As for the dipstick I agree it would be very handy to have.


----------



## SneakerFix (Jul 28, 2013)

Don't think its a trans issue. What color was the fluid you saw? Also have you checked the plug gap on your plugs?


----------



## obermd (Mar 3, 2012)

You've got a leak somewhere. Get it in. If you only have the one Chevy dealership go to another GM dealership. The transmission isn't unique to the Cruze.


----------



## AndyK (Jul 28, 2014)

I'm having the EXACT same problem on the highway! Bringing it to the dealer on Tuesday - hope the tranny doesn't seize up before then!

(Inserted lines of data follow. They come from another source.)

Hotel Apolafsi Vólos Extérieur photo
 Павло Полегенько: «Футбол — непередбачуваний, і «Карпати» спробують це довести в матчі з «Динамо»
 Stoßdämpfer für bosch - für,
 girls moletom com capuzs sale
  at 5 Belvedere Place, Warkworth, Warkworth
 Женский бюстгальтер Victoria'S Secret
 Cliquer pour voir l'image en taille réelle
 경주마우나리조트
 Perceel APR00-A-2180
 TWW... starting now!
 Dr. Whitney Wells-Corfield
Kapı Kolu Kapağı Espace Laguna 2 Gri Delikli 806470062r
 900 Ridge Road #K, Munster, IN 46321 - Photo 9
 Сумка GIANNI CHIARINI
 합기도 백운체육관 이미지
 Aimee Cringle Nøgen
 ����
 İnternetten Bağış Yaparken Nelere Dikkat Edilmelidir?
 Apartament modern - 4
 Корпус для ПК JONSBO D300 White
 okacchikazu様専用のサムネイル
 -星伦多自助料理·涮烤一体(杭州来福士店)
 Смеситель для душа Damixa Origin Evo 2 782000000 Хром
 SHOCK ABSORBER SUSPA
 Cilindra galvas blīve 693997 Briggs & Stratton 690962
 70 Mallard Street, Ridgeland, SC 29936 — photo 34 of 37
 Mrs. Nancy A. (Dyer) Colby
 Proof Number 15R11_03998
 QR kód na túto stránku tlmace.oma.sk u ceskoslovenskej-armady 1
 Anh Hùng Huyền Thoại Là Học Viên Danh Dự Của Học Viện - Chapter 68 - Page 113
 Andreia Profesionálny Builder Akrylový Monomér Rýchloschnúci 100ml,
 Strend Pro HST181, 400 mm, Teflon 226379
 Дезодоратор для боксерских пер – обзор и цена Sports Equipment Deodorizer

Maybe move this post because it's not a "service issue" yet!?


----------



## Chevy Customer Care (Oct 29, 2011)

AndyK said:


> I'm having the EXACT same problem on the highway! Bringing it to the dealer on Tuesday - hope the tranny doesn't seize up before then!
> 
> Maybe move this post because it's not a "service issue" yet!?


Hey Andy! Please keep us posted on your dealer visit this Tuesday. We're sorry for any inconvenience this has caused. As you know, we're here to offer additional assistance if needed.

Amber N.
Chevrolet Customer Care


----------



## AndyK (Jul 28, 2014)

Thanks Amber!

As an update, it wasn't the tranny. Turns out there was a bad connection to the PCM, and #3 spark plug was shorting out. So the car was running on 3 cylinders for who knows how long! They repaired the PCM connection, re-programmed the computer and replaced one spark plug. Car is now getting 33mpg, compared to 27, and has it's pep back!


----------



## Chevy Customer Care (Oct 29, 2011)

AndyK said:


> Thanks Amber!
> 
> As an update, it wasn't the tranny. Turns out there was a bad connection to the PCM, and #3 spark plug was shorting out. So the car was running on 3 cylinders for who knows how long! They repaired the PCM connection, re-programmed the computer and replaced one spark plug. Car is now getting 33mpg, compared to 27, and has it's pep back!


Andy, that's fantastic that the repairs performed has your car running like a champ again! Thank you for letting us know how everything turned out, and if there's anything else you'd like us to look into, please let us know.

Jasmine F
Chevrolet Customer Care


----------